Una alarma despierta dentro de Alexandre, un padre de familia católica y aburguesada de Lyon, cuando conoce por casualidad que los abusos que sufrió de niño por parte de un párroco no fueron algo aislado, sino constante, y que, por si fuera poco, este desgraciado aún sigue trabajando con niños. En apenas unos minutos la narración ha comenzado a estructurarse en forma de engrasado diálogo epistolar sin un objetivo inicial definido, al menos no más allá de la búsqueda de la dignidad que fue mancillada y la necesidad de alejar a un lobo de los rebaños de carneros indefensos. Ante las indignas estridencias de la diócesis de Lyon llegaremos a la decisión judicial que llevará consigo la creación de la asociación La Parole Libérée, entorno a la cual girará el resto del periplo.
Se agradece en todo momento la firmeza y la templanza de la dirección: existe en ella una gélida contención intencionada frente al que hubiera sido el sendero fácil ligado al enjuiciamiento moral y la crítica anti-eclesiástica. Ozon demuestra en la ficción una brillante postura lógica y expositiva de los hechos reales donde el melodrama sensiblero no tiene cabida y la emoción debe brotar de forma natural desde el dolor compartido con la víctima. Aunque ficcionada, la tragedia se decanta tan amarga como podríamos descubrirlo en un documental; precisamente el formato que el director pretendía desarrollar justo antes de dar forma a esta historia. Una historia sobre David y Goliat: una débil víctima interpretada por el silencio, los traumas y los actos de los tres protagonistas de la narración, pero también las miradas, los recuerdos o la negación de los secundarios que les rodean, contra un verdugo sacro de enormidad centenaria, inmutable en su concepción e intocable por su robusto caparazón de poder e influencias.

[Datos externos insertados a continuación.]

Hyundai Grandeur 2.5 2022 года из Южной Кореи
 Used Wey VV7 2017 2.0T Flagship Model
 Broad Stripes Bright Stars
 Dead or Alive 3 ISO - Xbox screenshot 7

En su temática, incluso aspecto en ocasiones, aparecen comparaciones inevitables con Spotlight (2015), y es que la película de Thomas McCarthy fue inspiración clave durante la evolución del proyecto, como ha señalado el propio Ozon en diversas entrevistas o de una forma más divertida y sutil: colgando el póster de la película americana en la pared de la comisaría durante una de las escenas más devastadoras. Si bien la inspiración pudo ser clave, el gran acierto aquí se encuentra en el enfoque: es el amplio y detallado espectro de sufrimiento y aflicción, esbozado durante los 137 minutos de incómodo metraje, el que pone el foco de atención sobre este infame episodio, abriendo al mundo crímenes silenciados durante décadas, ahora –por fin- juzgados ante la justicia.